The city argues the ordinance protects public safety. The ACLU says it restricts free speech. And the judge in the case raised a point late in the afternoon that neither side had thought of.

The ordinance was enacted in July, the city says, to eliminate a threat to public safety, after there was an explosion of panhandling in medians. The ACLU and Goodwin Procter filed suit on behalf of two political protestors, Michael Cutting and Wells Staley-Mays, who say the ordinance infringes on on their rights to protest the government. The suit also names a homeless woman as plaintiff, Alison Prior, who says she can no longer make enough money panhandling in Portland because medians are where the money is.

But as both sides made their arguments Tuesday, it was the judge that raised a question about the ordinance that neither side had argued before. Judge George Singal questioned the validity of the ordinance on the basis that it might ban some kinds of speech while protecting others. Portland Police Chief Michael Sauschuck testified officers have no intention of enforcing the ordinance when it comes to banging campaign signs into the ground at medians. State law protects those signs, and Judge Singal also questioned whether state law also protects people holding political signs in the medians.

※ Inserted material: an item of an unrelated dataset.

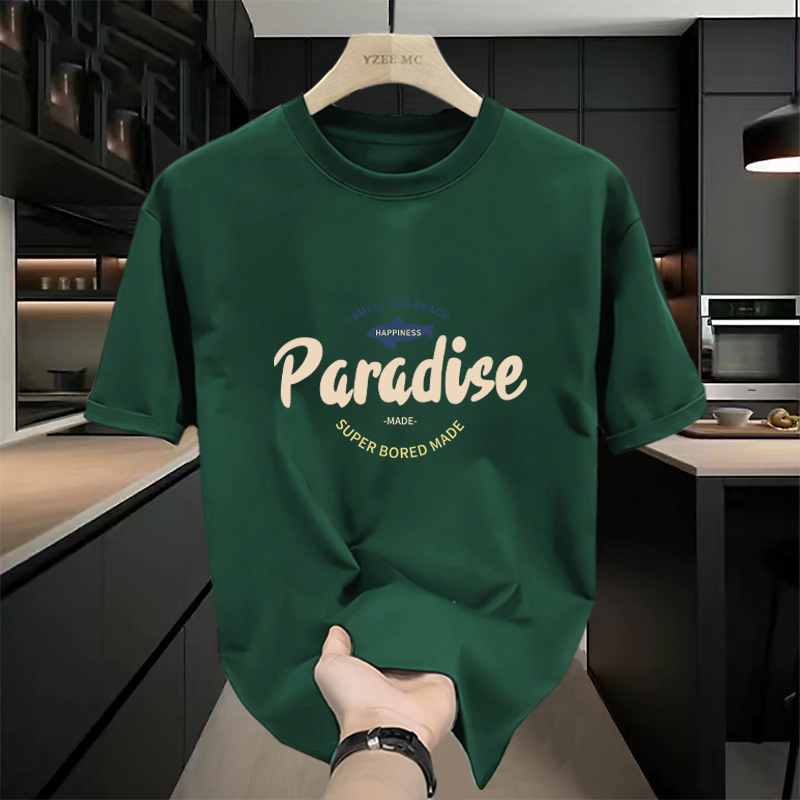 Green, cotton, with short sleeve, 100% cotton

The city argues this issue is just a distraction, that there is a real public safety concern on medians and the intent of this law was to keep people from lingering in the median, not engaging in activities that only take a second.

Trish McAllister, the city's attorney said, "I just didn't think it was all that relevant to the conduct that the city's trying to regulate for safety purposes."

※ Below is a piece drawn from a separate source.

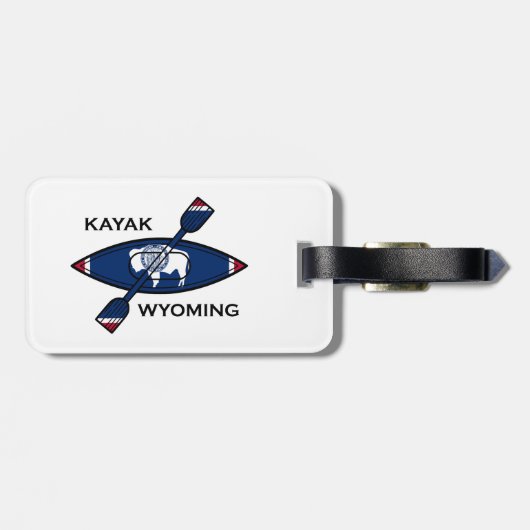 Kayak Wyoming Flag Gepäckanhänger (Rückseite horizontal)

The ACLU, meanwhile, had been contending that telling people they can't spread their messages while standing in a median unfairly restricts their free speech. Now, they also plan to argue that campaign sign exception means the law discriminates against certain kinds of speech.

Zach Heiden, an attorney with the ACLU of Maine said, "I just didn't think it was all that relevant to the conduct that the city's trying to regulate for safety purposes."

In about four weeks from now, both sides have to submit written arguments to the judge, who then can take at least another two weeks to decide the case.